Kyle Mooney, Saturday Night Live

The “cut for time” sketch has become a weekly viral-video tradition for Saturday Night Live, as has that sketch’s inevitable inclusion of Kyle Mooney. There’s just something about Mooney’s comedy that never quite fits on SNL—at least, not in the rousing, lovably goofball way of The Lonely Island, whose “Digital Shorts” (and the absence thereof) seem the most obvious reason why Mooney and his Good Neighbor cohorts Beck Bennett and Dave McCary were hired by SNL. Diametrically opposed to The Lonely Island’s hip-hop swagger, Mooney’s humor traffics in the sort of social awkwardness that tips over into outright discomfort—which not everyone enjoys. Scroll through any of the comments on one of Mooney’s shorts (or even this article!), and you’ll find that one person’s “cringe comedy” is another’s “stupid and unfunny.” Still, for those attuned to his low-frequency, stuttering rhythms, Mooney has created some uniquely weird and discomfiting moments, whether it’s his surreal, flatly affected ’90s sitcom parodies, his attempts to rap battle Kanye, his surprisingly sweet romancing of Leslie Jones, or especially any appearance from the tragically hacky stand-up comic Bruce Chandling, whose excised short with Kevin Hart may be one of the saddest/funniest things SNL has ever produced. Of course, you’ll have to watch most of those moments elsewhere. [Sean O’Neal]

Thandie Newton, Westworld

We should have known better than to underestimate Thandie Newton after she made the briefest of appearances in Westworld’s first episode. One of the joys of consuming the sometimes frustrating series is watching Newton bloom in the role of the saloon madam Maeve, taking the character from passive participant in the park to take-no-prisoners hero. The beauty of Newton’s work lies in her period of revelation. As she wordlessly tours Westworld’s laboratories, discovering that her entire existence is a lie, both horror and fascination creep across her face. Her eyes flicker, betraying the mechanical way in which she processes information, and her heart breaks. But the sequence is also her call to arms, and one can see the warrior that reveals itself shortly burgeoning inside her. The finale brings up questions about whether Maeve is truly in control of her fate, but that only makes Newton’s performance more striking. Her role requires her to be incredibly powerful in moments of extreme vulnerability.

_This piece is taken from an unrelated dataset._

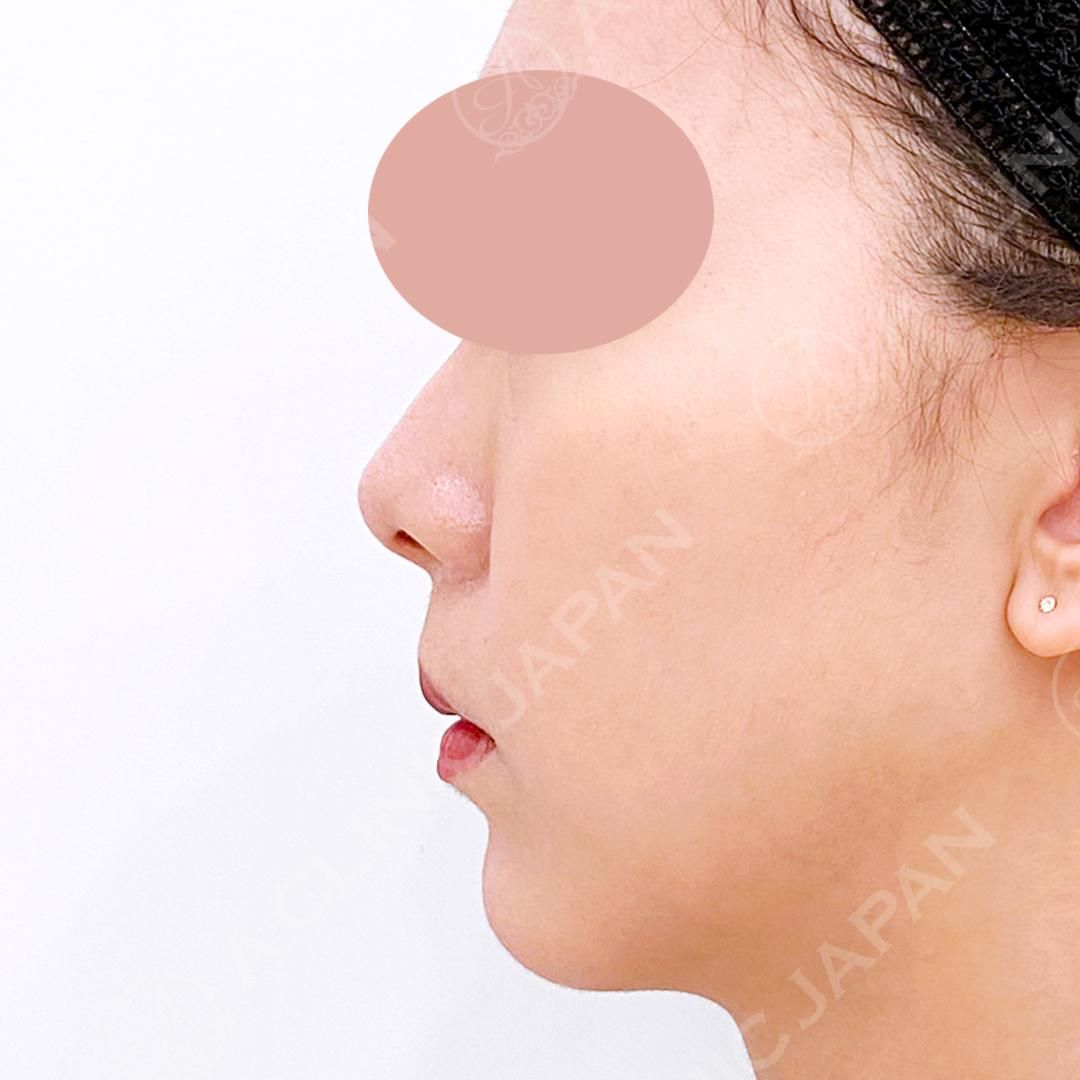 耳介軟骨移植(鼻尖形成)で自然とツンとした美しい鼻先へ！処置前と2週間後の症例です(20代女性) AFTER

She must own a room when she’s sitting naked on an operating table; she has to take charge when she’s being led around like a dummy. She simply nails it. [Esther Zuckerman]

Claudia O’Doherty, Love

Most Judd Apatow productions have a character like Claudia O’Doherty’s Bertie: They’re Bill from Freaks And Geeks or Shoshanna from Girls, quotable oddballs whose optimism and self-confidence stands in defiance of neurotic protagonists and the uncaring world they occupy. But only Love has Claudia O’Doherty, the chipper Aussie buffering the toxic personalities and self-destructive impulses of Apatow’s anti-rom-com team-up with Paul Rust and Lesley Arfin. It’s not just that Bertie comes from a different continent than the so-bad-for-each-other-they’re-good couple Gus (Rust) and Mickey (Gillian Jacobs)—it’s like she’s from another planet entirely, though O’Doherty fits snuggly in Love’s loose, chatty world. Whenever the narcissism of the main characters threatens to stifle the proceedings, O’Doherty’s standing by to resuscitate them with a non sequitur or an eccentric twist on a line reading. That makes it all the more enjoyable when she indulges her own wicked streak, as in the season-one highlight where errant texts inspire Bertie and Gus to go mutually assured destruction on a floundering dinner date. [Erik Adams]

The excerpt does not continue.